🤖 AI Summary
This work addresses the degradation in pose estimation that arises when geometric foundation models (GFMs) are directly employed for SLAM tracking, due to their inherent geometric inaccuracies. To mitigate this issue, the authors propose a decoupled framework that leverages classical feature-based SLAM for robust, low-latency pose tracking, while delegating dense mapping exclusively to the GFM. Scale consistency in reconstruction is preserved through pose anchoring and a lightweight submap-scale optimization module. This approach represents the first effort to decouple SLAM from GFMs, effectively preventing the propagation of GFM-induced errors into the pose estimation pipeline. Experimental results demonstrate reconstruction errors of 2 cm per 10 m indoors and 10 cm per 30 m outdoors, with trajectory accuracy and reconstruction quality improving by 10%–20% over state-of-the-art methods in large-scale indoor and outdoor environments.
📝 Abstract
Recent works have explored unifying SLAM with geometric foundation models (GFMs). However, directly using GFM predictions for tracking is highly sensitive to model capability and uncertainty, as geometric inaccuracies in the predictions can adversely affect pose estimation.
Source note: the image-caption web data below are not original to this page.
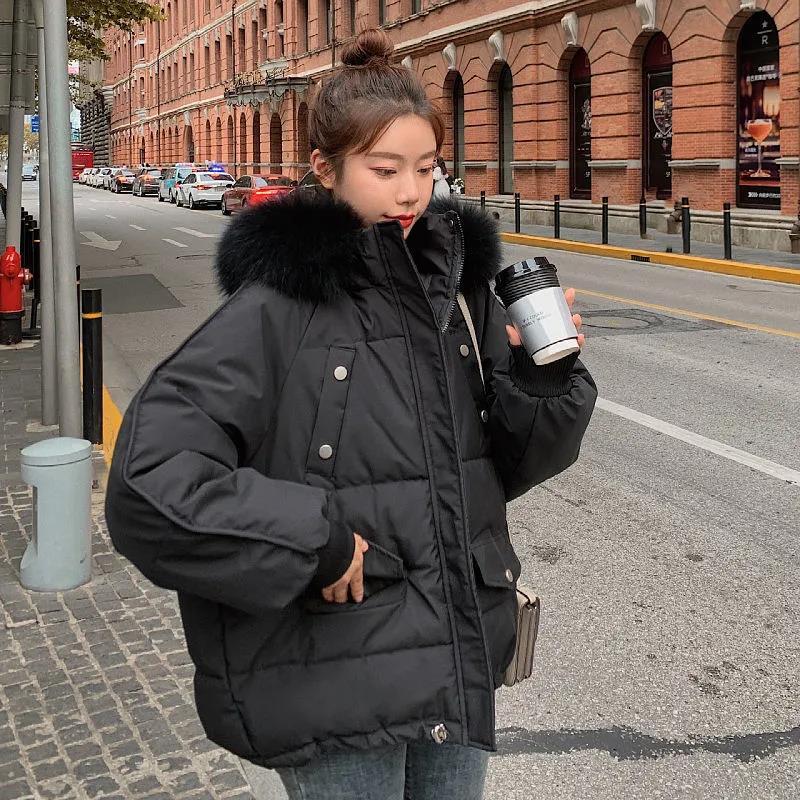 Winter Padded Jacket Women's Short Thick Padded Jacket Loose Korean Bread Jacket Hooded with Fur Lady Top Clothing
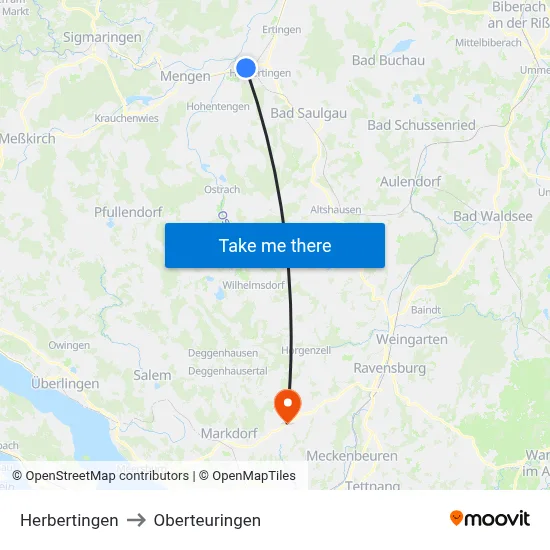 Herbertingen to Oberteuringen map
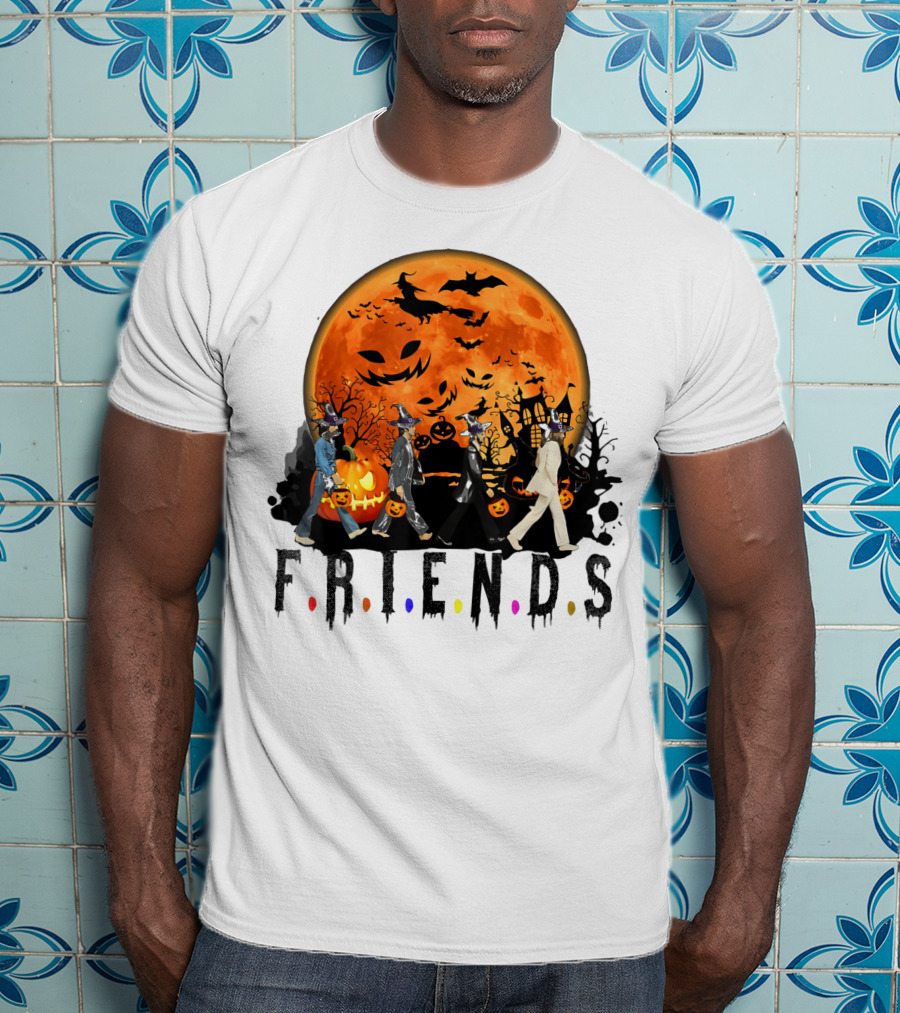 Halloween Friends Full Moon Walk With Characters Trick Or Treat T-Shirt
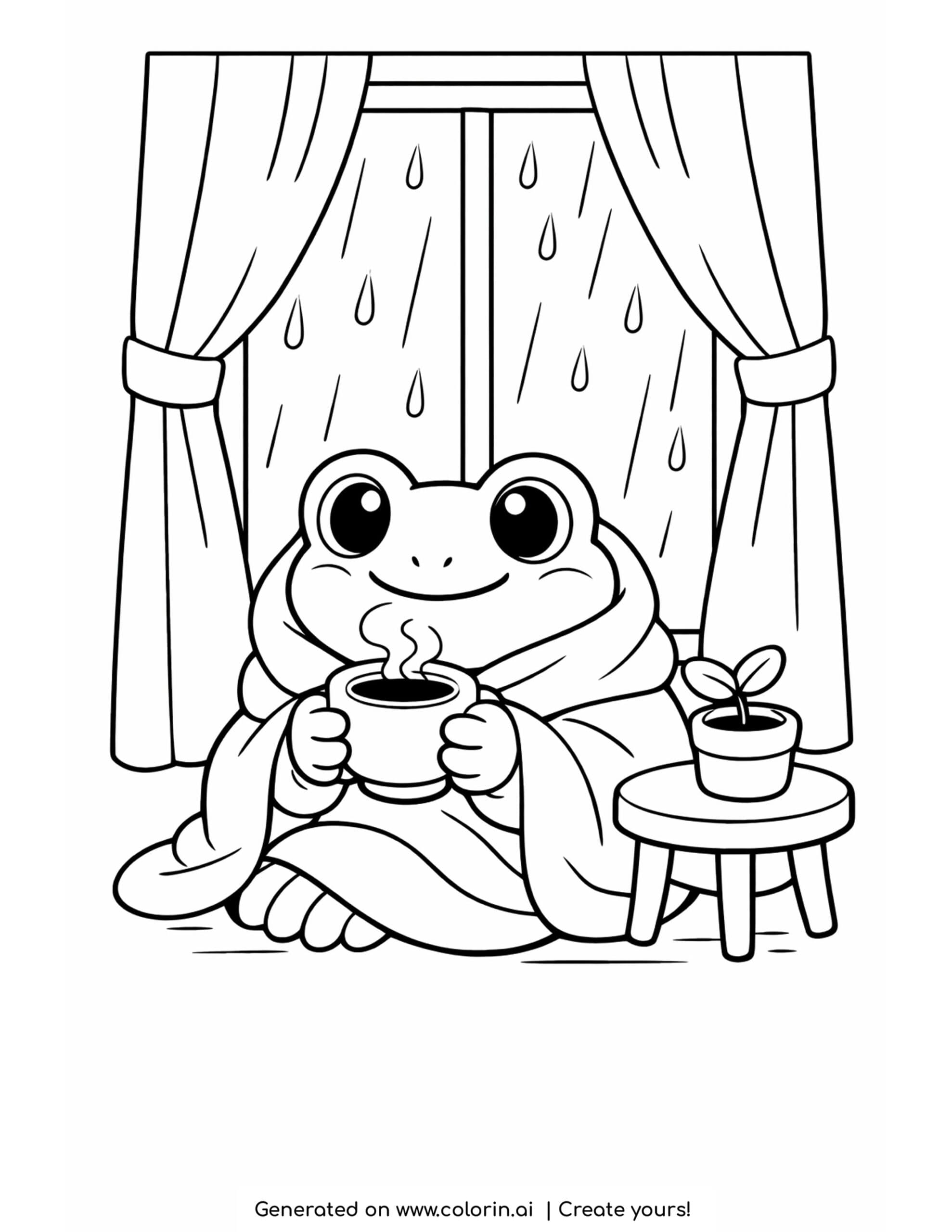 frog holding teacup by window coloring page cozy frog with blanket and rainy window scene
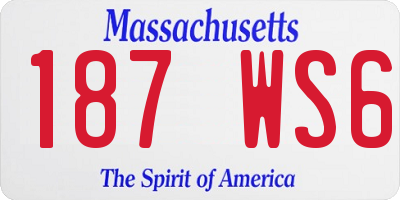 MA license plate 187WS6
To address this limitation, we present a decoupled framework that integrates classical feature-based SLAM with GFMs, which achieves higher quality and more consistent dense reconstruction. In brief, we use classical visual SLAM for robust low-latency tracking and use GFMs exclusively for mapping. By anchoring mapping to poses produced by the SLAM module and optimizing across depth scales, the proposed design avoids propagating inaccuracies from GFM predictions into pose estimation while imposing geometric constraints on the reconstruction. The system builds submaps from multiple posed keyframes and enforces scale consistency via lightweight frame and submap scale optimization. It also performs projection-based point cloud fusion within each submap, and updates submaps online to reflect trajectory updates from the feature-based SLAM. To evaluate tracking and reconstruction of our method, we introduce a loop-rich, building-scale indoor dataset with accurate sensor trajectories and LiDAR ground-truth. Experiments show that our approach achieves superior trajectory accuracy while improving reconstruction precision by 10%-20% over existing methods, with about 2 cm reconstruction error per 10 m chunk on building-scale dataset. On large-scale outdoor datasets, it attains 10 cm error per 30 m chunk (w.r.t LiDAR ground-truth models).